Custom trucker, the numbers of importance are the ones in the column on the far right hand side of the label. Meaning there should be a 3-4 digit code to the lright of the "C" and one digit code the right of "R".
If your unsure what I mean, look at my site again. Go to emissions->decipher calibration #-> 70's. There's a scan of one and it shows the sticker and the left hand column I'm referring to. It should be something along the lines of "52G R0" (as an example).
What's the word on the plugs/plug wires in relation to dead cylinders? While you are working to figure out and waiting to hear about the numbers, you can assess this. Having spark to all the cylinders may make a bigger difference than anything else you can do!
All clylinders are firing. and timing is good, but I still have a miss above idle. I couldn't read all the numbers on the side of the label, they were too faded and had rubbed off and stuff. I just went ahead and got a new carb, but I haven't installed it yet.
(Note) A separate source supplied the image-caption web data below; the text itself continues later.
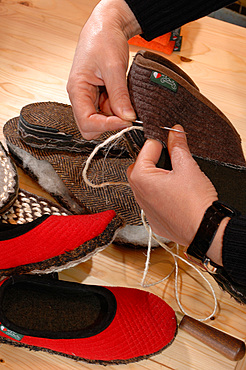 Traditional hand-sewn shoes of the village of Gressoney in Aosta Valley, Italy, Europe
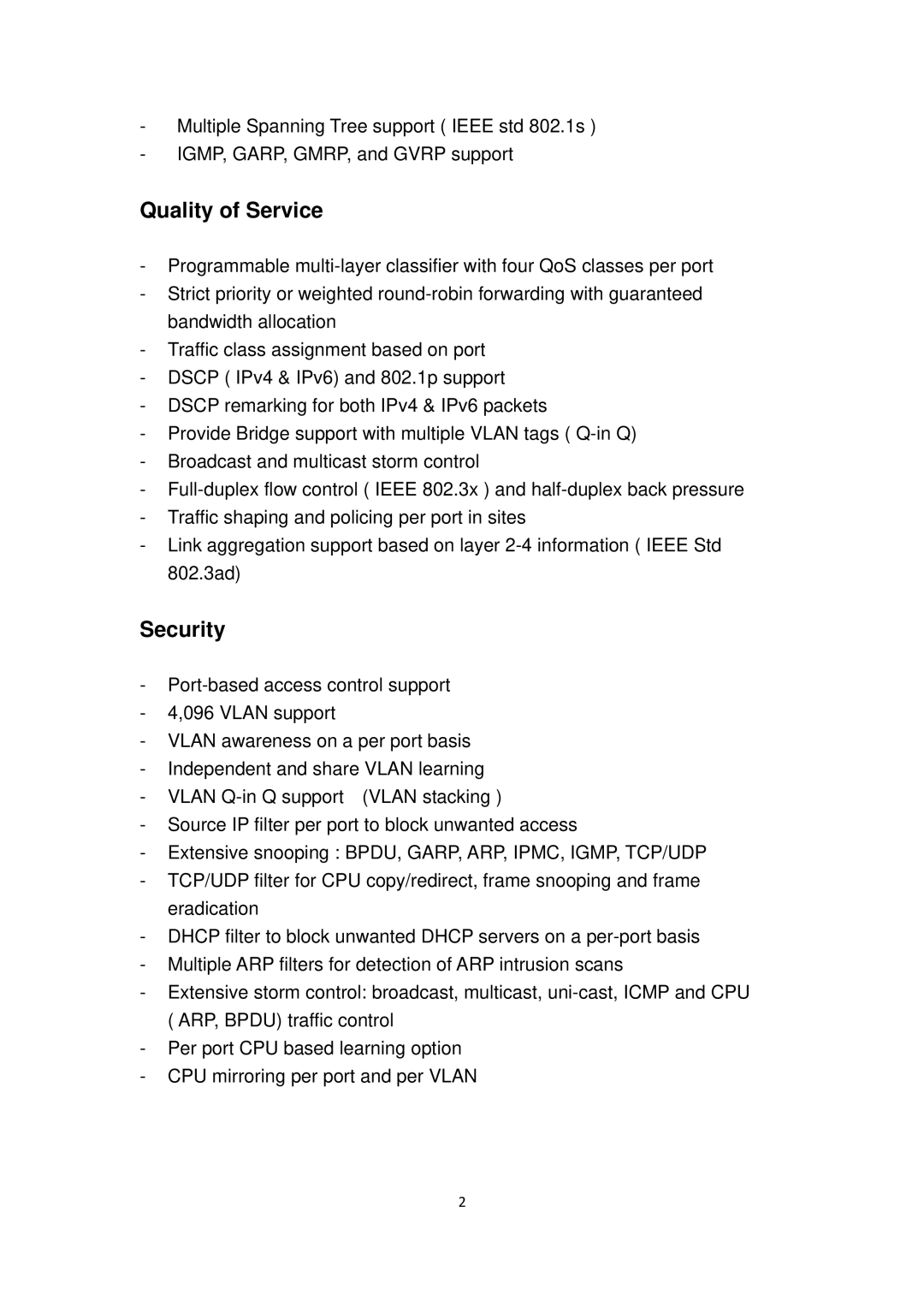 Edimax Technology ES-5816PGH user manual Quality of Service, Security 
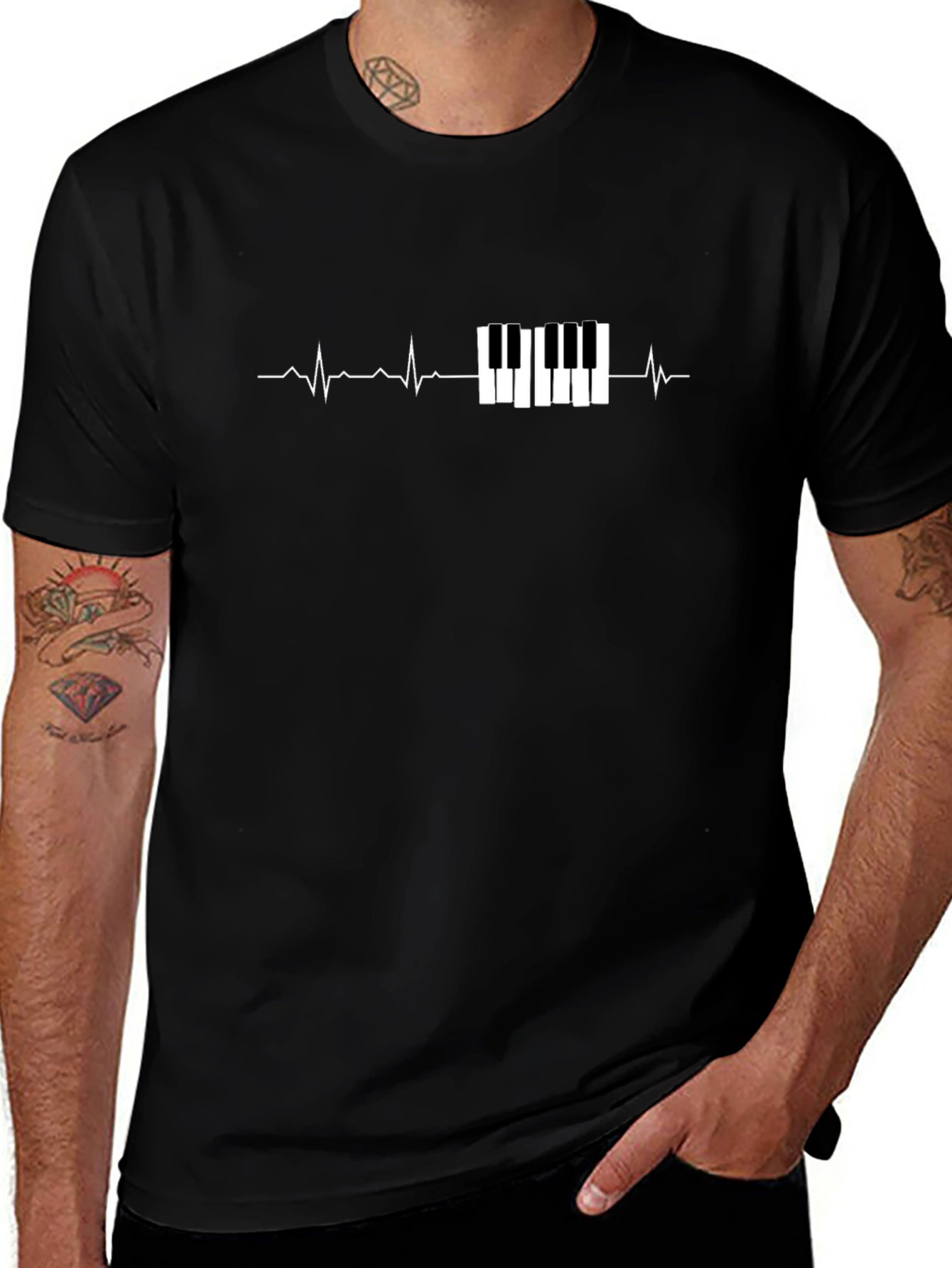 Piano Heartbeat T-Shirt - Music Lover Tee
Hopefully later this afternoon if it isn't too wet and cold outside. I am having to do all of this in the dorm parking lot at school. I will let you guys know if that works. If it doesn't, I will probably be back needing more help. Thanks.
I got the new carb on. It still runs horrible. I took it to a mechanic the other day to get it timed because I don't have a timing light, and he said it was right on. But to be honest, it runs worse after getting it back from him. What should I do? He is the one who told be two cylinders weren't firing, and I assume he fixed it. He said he did anyway. The guy is pretty reputable, but is there any chance he didn't time it right? Thanks for all the help guys, I don't know what is wrong with it now. I just don't know enough about it to have any clue were to go next.
I would have someone else check the timing, or invest in an inductive timing light and check myself. Does the miss occur only when you are accelerating, or all the time? If at acceleration, it could the carb but unlikely since it is brand new or it could be a worn vaccum advance down in the distributor. Are your points clean and set right? Have you checked coil?